DIRECTIONS:
With the line containing "101 Willow, San Antonio, TX 78202" as the start and the line containing "19026 Highway 30 Property Photo 20" as the end, transcribe that span of the entries below exactly, including both.

═════ MATERIAL PROVIDED ═════

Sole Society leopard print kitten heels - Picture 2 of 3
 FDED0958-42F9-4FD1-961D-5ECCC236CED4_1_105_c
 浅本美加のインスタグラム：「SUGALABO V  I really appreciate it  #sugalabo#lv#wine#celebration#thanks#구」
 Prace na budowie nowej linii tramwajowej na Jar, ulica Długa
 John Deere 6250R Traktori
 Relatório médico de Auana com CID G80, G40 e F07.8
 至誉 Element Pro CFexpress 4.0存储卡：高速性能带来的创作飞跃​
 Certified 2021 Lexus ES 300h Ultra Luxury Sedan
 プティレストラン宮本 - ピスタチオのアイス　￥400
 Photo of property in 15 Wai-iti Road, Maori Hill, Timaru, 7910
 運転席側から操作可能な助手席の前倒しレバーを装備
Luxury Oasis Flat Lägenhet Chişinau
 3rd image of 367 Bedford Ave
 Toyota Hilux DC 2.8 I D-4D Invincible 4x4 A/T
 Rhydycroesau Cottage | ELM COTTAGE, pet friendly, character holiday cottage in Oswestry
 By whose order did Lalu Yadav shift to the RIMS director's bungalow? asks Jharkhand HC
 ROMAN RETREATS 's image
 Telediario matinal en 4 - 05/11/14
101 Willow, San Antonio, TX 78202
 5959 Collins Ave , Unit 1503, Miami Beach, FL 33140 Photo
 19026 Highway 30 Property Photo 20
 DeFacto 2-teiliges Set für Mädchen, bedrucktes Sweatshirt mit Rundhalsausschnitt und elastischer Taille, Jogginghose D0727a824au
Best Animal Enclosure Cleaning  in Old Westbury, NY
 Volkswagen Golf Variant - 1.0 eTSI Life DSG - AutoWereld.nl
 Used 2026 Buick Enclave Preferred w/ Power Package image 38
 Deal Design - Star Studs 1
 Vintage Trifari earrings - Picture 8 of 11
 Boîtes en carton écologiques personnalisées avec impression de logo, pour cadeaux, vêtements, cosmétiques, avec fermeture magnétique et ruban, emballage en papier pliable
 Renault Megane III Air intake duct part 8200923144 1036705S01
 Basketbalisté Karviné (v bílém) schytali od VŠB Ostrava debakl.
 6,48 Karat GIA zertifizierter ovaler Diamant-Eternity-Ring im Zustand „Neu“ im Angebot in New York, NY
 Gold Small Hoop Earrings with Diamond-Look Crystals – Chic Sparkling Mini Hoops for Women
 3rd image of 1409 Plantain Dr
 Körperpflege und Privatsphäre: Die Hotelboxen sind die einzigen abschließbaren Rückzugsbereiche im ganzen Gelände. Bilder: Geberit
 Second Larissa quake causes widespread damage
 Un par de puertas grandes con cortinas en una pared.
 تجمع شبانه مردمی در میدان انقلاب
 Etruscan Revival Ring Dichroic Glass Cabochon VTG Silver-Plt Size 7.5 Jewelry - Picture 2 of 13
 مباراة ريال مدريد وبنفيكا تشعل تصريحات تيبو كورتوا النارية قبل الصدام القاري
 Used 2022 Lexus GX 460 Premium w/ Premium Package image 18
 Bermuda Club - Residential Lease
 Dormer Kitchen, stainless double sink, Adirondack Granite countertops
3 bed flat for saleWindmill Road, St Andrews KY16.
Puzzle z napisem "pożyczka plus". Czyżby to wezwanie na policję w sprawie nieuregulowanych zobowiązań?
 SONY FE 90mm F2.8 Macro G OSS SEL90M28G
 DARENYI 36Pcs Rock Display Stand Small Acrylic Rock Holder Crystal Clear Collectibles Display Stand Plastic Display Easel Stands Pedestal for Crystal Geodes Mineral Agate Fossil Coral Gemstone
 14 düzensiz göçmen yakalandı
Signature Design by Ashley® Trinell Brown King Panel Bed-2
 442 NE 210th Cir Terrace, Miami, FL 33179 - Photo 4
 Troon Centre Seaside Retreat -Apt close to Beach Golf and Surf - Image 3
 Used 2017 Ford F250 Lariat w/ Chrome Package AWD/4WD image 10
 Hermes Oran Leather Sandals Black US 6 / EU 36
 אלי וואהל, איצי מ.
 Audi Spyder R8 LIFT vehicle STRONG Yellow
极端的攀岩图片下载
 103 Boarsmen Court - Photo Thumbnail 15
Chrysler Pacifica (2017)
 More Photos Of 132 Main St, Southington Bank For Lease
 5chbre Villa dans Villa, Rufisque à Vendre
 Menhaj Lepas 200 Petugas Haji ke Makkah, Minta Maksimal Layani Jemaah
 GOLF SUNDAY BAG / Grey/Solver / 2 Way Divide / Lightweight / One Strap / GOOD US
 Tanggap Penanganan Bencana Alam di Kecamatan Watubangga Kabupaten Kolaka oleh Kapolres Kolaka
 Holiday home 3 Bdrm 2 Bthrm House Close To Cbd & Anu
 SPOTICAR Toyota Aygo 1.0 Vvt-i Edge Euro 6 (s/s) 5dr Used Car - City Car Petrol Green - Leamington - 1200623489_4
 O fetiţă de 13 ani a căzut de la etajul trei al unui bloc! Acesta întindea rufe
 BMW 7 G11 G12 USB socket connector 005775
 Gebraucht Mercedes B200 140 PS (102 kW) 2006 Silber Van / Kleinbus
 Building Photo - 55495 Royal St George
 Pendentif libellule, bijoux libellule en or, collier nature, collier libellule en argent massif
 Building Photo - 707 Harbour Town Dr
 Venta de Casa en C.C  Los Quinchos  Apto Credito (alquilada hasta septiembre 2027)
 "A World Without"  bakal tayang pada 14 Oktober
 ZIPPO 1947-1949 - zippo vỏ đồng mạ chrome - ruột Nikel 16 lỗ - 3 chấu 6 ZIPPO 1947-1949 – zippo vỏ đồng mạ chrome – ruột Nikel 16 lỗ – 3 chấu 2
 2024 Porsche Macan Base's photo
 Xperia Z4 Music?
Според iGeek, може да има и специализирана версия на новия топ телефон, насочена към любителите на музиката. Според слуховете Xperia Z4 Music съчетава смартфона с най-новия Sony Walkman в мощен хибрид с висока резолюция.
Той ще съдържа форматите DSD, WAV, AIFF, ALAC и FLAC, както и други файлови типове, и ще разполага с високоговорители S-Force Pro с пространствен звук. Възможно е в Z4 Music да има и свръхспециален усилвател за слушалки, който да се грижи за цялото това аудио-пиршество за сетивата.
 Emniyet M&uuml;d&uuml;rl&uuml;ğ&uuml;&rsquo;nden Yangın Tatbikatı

═════

REPLY TO THE EXERCISE:
101 Willow, San Antonio, TX 78202
 5959 Collins Ave , Unit 1503, Miami Beach, FL 33140 Photo
 19026 Highway 30 Property Photo 20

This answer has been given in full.